Anitha (Boyapati) Gollamudi is a computer science Ph.D. candidate, advised by Stephen Chong, Gordon McKay Professor of Computer Science. Her research enforces security in software applications against powerful cyber attackers. Specifically, she leverages trusted execution environments, a hardware-based technology, to provide formal guarantees in security-critical applications. Her work enables a step closer toward secure collaboration of mutually distrusting parties by still maintaining their compliance to privacy governing laws such as HIPAA and FERPA. Prior to joining graduate school, Gollamudi was a compiler engineer at Atmel (now Microchip) and Advanced Micro Devices. She was one of the early engineers to develop an AVR-GCC compiler toolchain. Besides research, she is interested in writing story books that introduce diverse cultures to young children. This was born out of the necessity to introduce her toddler to all the interesting stories she listened to as a child. Her first picture book is expected to be released soon. Gollamudi holds a bachelor’s degree in computer science engineering from Andhra University, India.

Sophie Hilgard is a Ph.D. candidate in computer science, advised by David C. Parkes, George F. Colony Professor of Computer Science. Her research studies the impact of human psychological factors, including fairness, explainability, and biases in computer-assisted decision-making. She has served as a teaching fellow for computer science courses and the Business Analytics Program, jointly offered by SEAS and the Harvard Business School. She recently interned at Twitter Cortex. Previously, Hilgard worked as a municipal bond trader for six years. She holds a bachelor’s degree in applied mathematics and a master’s degree in computational science and engineering from Harvard University.

Fritz Lekschas is a Ph.D. candidate in computer science advised by Hanspeter Pfister, An Wang Professor of Computer Science.
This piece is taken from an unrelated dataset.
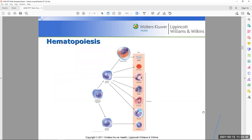Hematopoiesis is the making of blood cells. It begins with hematopoietic stem cells — the pluripotent hematopoietic stem cells — which are the originators. From these stem cells, all the different types of blood cells differentiate and form.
His research focuses on the development of scalable visual exploration systems for analyzing epigenomic patterns. In his studies, Lekschas uses visualization as the primary means of interacting with data, and human-centered AI methods to guide decision making at scale. His work has won several awards, including the Best Paper Award at the 2020 EuroVis Conference and an Honorable Mention Award at the upcoming 2020 IEEE Visualization Conference. Prior to joining the doctoral program, Lekschas visited Harvard Medical School as a post-graduate research fellow to work with Nils Gehlenborg, Assistant Professor of Biomedical Informatics, and Peter J. Park, Professor of Biomedical Informatics, on ontology-guided exploration of biomedical data repositories for his master's thesis. He earned his bachelor’s and master of science degrees in bioinformatics from the Freie Universität Berlin, Germany.
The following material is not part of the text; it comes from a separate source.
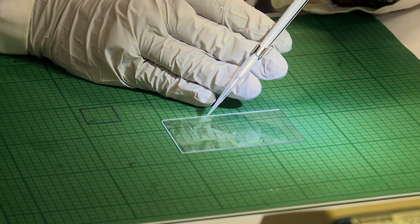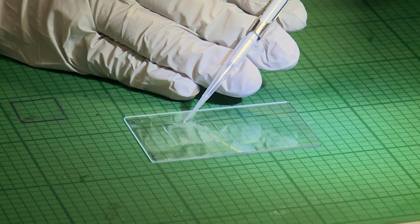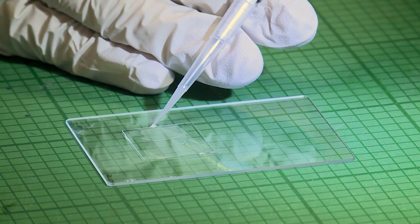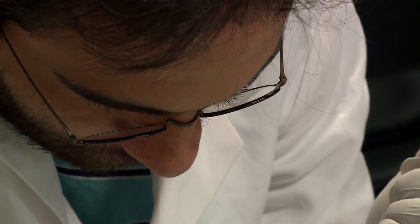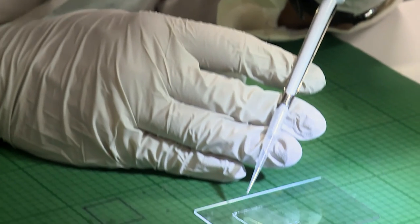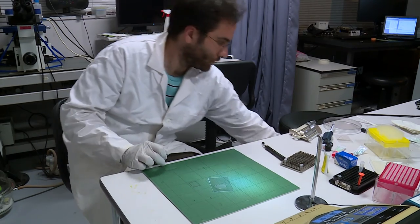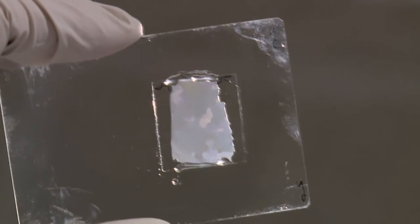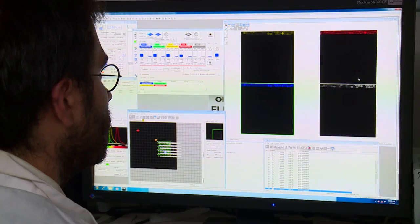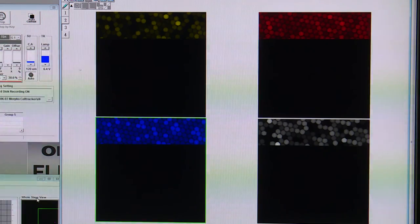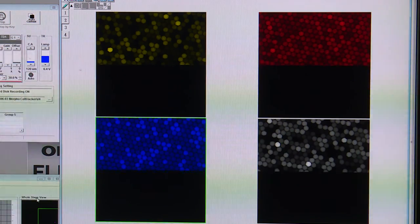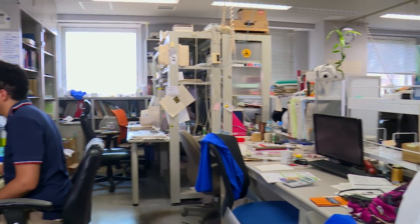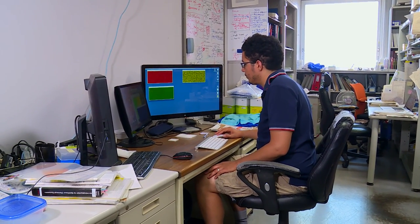The droplets are then compressed between two thin layers of glass. The system of DNA and enzymes continues to evolve. The researchers can now follow the progress of each droplet in real time by fluorescence microscopy. To achieve this, they had to develop cutting-edge mathematical tools.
Bryan Wilder is a Ph.D. candidate in computer science, advised by Milind Tambe, Gordon McKay Professor of Computer Science. His research focuses on developing artificial intelligence methods to improve public health. Applications include optimizing HIV prevention interventions, predicting tuberculosis medication adherence, and modeling COVID-19 dynamics. Wilder’s technical areas of focus include discrete optimization, machine learning, and social networks. The goal of this research program is to connect methodological advances in artificial intelligence with concrete interventions to address social problems. Wilder was awarded an NSF Graduate Research Fellowship, and his research has been recognized with best paper nominations at the International Conference on Machine Learning and the International Conference on Autonomous Agents and Multi-Agent Systems. Before graduate school, he received a bachelor’s degree in computer science from the University of Central Florida.